Model behaviour
Anna Lamche talks to author Renske Mann about her turbulent life as wife and muse to artist Cyril Mann
Thursday, 18th May 2023 — By Anna Lamche

Renske Mann with the painting after which her book was named
“DON’T move,” the British painter Cyril Mann would command his young new wife Renske as she posed, naked, in the cold of their cramped flat. “Don’t you f***ing move.”
Art history is full of long-suffering wives, but it is not clear whether Renske Mann counts herself among them. Certainly, The Girl in the Green Jumper is haunted by them. Renske can read the “pained expression” in the portraits of Hortense Fiquet, Paul Cézanne’s “unfortunate” wife; she weeps for the sacrifices of William Blake’s wife and “helpmeet” Catherine.
The writer is drawn to these figures because the pain of the muse is a pain Renske herself has suffered: as she learns early on in her marriage to the artist Cyril Mann, “every pose would turn to agony in time”.
The Girl in the Green Jumper is a remarkable book. Lucid in style and episodic in form – reflecting the uneven texture of memory – the text charts Renske’s 20-year marriage to her husband Cyril, the notoriously difficult and self-sabotaging figurative painter.
In his introduction to the book, art critic Mark Hudson credits Cyril with making “genuinely innovative breakthroughs” in his practice and having “the potential to become one of the most important figurative painters of his time”. But he was also “beset by very severe mental problems” with an ability to turn “each moment of promise into bitter disappointment”.
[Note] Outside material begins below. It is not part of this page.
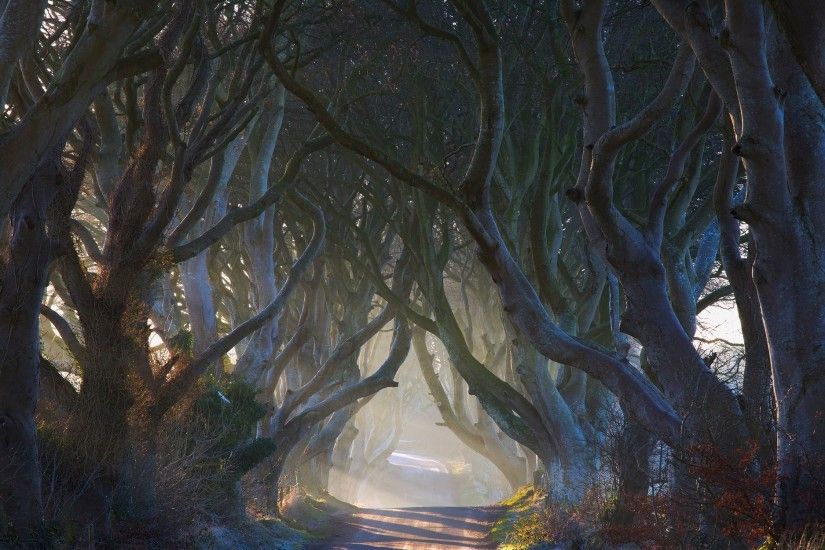 nature, Landscape, Fairy Tale, Road, Trees, Ireland, Mist, Morning, Shrubs,  Sun Rays, Tunnel Wallpaper HD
According to Renske, the book evolved from a series of Facebook posts she created recalling her life with her late husband.
“I put up simple pictures with simple explanations, and within weeks people started calling me the ‘Kim Kardashian of the Facebook art groups’,” she told Review.
It wasn’t long before she found a publisher for her work. The couple met at Kingsway Day College in Holborn in 1959, when 48-year-old Cyril was working as an art teacher and Renske was “barely” out of her teens. The book follows their unusual life together, beginning in a small flat in Islington’s Bevin Court.
When they met, Cyril was down on his luck, estranged from his wife, and suffering from ill-health.
Meanwhile, Renske was animated by the certainty that is both the gift and curse of youth, propelled by a feeling it was her “destiny to help him realise his potential as an artist.”
She said: “Just think, I’m a 20-year-old, he’s 50, he gave up his job two months after meeting me. So for some reason, he felt like I felt: we were directed by fate. This was his last chance to go back to art and really flower.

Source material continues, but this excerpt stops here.